Mais n’y a-t-il aucun espoir que la guerre puisse être évitée, et que la question de force, avant d’en arriver à son point aigu, se dilue ou se dissolve en une question de droit ? La propriété elle-même, à une époque donnée de l’histoire, est apparue comme une question de force : peu à peu on en a fait une question de droit. La civilisation n’est pas autre chose, en ce qui touche l’ordre social, que cette lente transformation de la force en droit. Or, ce qui a été possible pour la propriété, comment ne serait-ce pas possible pour le travail ? Comment, l’Etat ancien ne s’étant pas obstiné contre le fait-propriété, l’Etat moderne s’obstinerait-il contre le fait-travail, si le travail n’est pas, en soi et inéluctablement, une force plus négatrice, plus perturbatrice, plus destructrice de tout État que ne l’était, avant qu’elle fût réglée, la force-propriété ? Il le peut d’autant moins que, dans l’Etat moderne, la force-travail est en même temps la force-nombre ; c’est tout ensemble le fait-grande industrie, usine, Syndicat, le fait-classe ouvrière et le fait-suffrage universel. Le vrai danger est que l’Etat perde l’équilibre pour avoir dépassé la mesure.

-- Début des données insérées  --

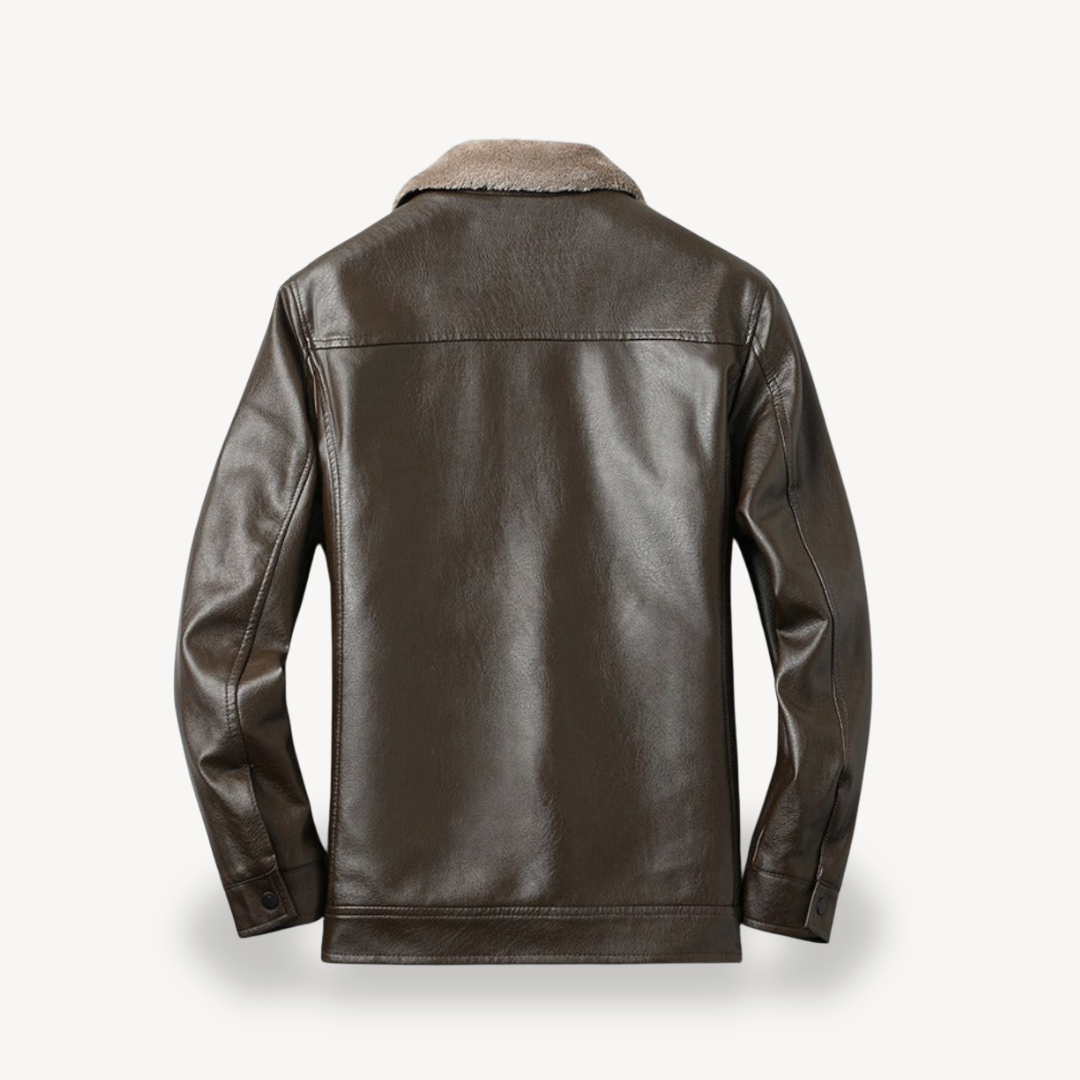 Synthetic Leather Mens Jacket with Warm Fleece Inside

Trop longtemps les ouvriers étaient restés hors du droit public, ils avaient été trop longtemps sans statut civil. Ils ne trouvaient de protection que dans la bienveillance du maître ou dans la camaraderie des compagnons. Ils n’avaient de sûretés que celles qu’ils s’étaient données ou que la coutume, la tradition, l’usage du métier leur garantissait. La loi du roi les ignorait, le plus souvent, les passait sous silence, à l’occasion les soumettait au droit de suite, et les traitait en déserteurs. L’Etat, qui se regardait comme s’étant fait sans eux, évidemment n’était pas fait pour eux : non seulement ils n’y avaient pas toute la place, ni le plus de place, mais ils n’y avaient autant dire point de place. C’était aller trop loin en sens contraire, au lendemain de la révolution de 1848, que de vouloir substituer au « gouvernement du capital » le « gouvernement du travail. » D’abord, y avait-il jamais eu, — sauf peut-être le dernier règne, sauf la monarchie de Juillet, — un gouvernement en France qu’on pût vraiment appeler « le gouvernement du capital ? »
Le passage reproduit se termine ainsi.